Data entries
####

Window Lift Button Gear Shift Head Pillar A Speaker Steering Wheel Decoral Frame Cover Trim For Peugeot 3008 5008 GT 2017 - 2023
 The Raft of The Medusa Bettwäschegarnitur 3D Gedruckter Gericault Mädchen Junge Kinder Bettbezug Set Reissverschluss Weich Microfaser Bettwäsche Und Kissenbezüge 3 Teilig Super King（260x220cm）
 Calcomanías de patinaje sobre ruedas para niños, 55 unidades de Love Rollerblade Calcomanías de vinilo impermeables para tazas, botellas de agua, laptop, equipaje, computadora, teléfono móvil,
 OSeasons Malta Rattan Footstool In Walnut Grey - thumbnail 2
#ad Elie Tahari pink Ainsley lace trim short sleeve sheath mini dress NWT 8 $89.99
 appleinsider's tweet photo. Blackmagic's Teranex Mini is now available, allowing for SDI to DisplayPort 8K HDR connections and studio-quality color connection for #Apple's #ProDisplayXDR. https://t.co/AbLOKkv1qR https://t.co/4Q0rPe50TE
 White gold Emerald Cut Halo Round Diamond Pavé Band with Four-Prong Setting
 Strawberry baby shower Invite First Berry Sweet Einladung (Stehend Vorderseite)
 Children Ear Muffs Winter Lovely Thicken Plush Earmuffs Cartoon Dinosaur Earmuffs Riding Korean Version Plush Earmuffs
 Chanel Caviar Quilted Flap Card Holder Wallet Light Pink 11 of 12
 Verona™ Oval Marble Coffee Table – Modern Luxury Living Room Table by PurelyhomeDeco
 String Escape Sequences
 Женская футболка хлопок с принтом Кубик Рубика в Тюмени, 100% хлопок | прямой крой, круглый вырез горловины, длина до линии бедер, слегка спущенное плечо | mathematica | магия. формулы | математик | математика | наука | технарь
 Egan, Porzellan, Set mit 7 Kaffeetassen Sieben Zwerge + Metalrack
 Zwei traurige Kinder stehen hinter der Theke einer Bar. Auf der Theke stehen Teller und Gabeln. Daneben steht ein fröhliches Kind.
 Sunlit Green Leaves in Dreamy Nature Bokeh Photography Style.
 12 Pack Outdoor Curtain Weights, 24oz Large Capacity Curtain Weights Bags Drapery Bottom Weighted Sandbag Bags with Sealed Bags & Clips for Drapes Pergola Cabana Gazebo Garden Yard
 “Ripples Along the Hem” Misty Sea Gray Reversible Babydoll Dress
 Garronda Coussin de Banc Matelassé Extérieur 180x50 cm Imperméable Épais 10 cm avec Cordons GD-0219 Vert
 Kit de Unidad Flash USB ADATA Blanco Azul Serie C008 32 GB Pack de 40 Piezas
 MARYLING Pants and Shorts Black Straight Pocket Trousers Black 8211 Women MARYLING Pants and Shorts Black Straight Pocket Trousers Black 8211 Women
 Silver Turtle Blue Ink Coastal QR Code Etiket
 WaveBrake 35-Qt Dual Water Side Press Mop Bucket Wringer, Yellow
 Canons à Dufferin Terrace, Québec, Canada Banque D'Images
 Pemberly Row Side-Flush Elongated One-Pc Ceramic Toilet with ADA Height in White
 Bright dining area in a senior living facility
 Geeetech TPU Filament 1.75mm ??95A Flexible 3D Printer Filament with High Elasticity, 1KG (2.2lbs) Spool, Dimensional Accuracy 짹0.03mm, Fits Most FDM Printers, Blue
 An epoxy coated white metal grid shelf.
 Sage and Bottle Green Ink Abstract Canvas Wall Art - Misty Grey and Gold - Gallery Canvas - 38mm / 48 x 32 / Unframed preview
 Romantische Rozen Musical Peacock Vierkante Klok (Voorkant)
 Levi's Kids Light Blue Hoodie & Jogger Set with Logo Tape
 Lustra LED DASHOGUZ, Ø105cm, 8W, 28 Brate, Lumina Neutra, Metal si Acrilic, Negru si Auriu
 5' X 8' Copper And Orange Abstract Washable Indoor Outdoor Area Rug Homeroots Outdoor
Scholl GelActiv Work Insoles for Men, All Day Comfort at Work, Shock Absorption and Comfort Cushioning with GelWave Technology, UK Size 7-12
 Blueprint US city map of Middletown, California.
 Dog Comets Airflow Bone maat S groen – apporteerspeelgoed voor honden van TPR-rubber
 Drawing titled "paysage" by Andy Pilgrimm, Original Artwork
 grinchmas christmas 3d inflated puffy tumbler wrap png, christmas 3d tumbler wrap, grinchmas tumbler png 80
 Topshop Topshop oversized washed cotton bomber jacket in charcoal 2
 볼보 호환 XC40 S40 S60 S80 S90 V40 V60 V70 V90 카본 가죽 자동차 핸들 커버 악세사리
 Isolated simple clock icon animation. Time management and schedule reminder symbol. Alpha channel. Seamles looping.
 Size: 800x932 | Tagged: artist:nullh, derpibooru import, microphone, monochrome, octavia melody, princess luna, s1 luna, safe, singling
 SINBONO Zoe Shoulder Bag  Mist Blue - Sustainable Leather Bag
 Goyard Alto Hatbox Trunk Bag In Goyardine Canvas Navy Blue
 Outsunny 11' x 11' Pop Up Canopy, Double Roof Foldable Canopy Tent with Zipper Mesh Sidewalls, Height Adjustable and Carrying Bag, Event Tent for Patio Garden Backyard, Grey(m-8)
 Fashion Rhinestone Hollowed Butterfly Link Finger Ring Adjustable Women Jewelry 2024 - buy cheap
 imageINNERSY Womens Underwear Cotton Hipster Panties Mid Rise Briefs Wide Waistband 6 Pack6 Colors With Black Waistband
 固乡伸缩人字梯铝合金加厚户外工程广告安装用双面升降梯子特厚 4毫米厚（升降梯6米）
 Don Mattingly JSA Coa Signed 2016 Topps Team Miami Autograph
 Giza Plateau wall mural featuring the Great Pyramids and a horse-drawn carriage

####

• [Prompt] Among the records above, repeat exactly the line with "Levi's Kids Light", the line with "5' X 8' Copper", and every line in between, and only those.

• [Exercise result]
 Levi's Kids Light Blue Hoodie & Jogger Set with Logo Tape
 Lustra LED DASHOGUZ, Ø105cm, 8W, 28 Brate, Lumina Neutra, Metal si Acrilic, Negru si Auriu
 5' X 8' Copper And Orange Abstract Washable Indoor Outdoor Area Rug Homeroots Outdoor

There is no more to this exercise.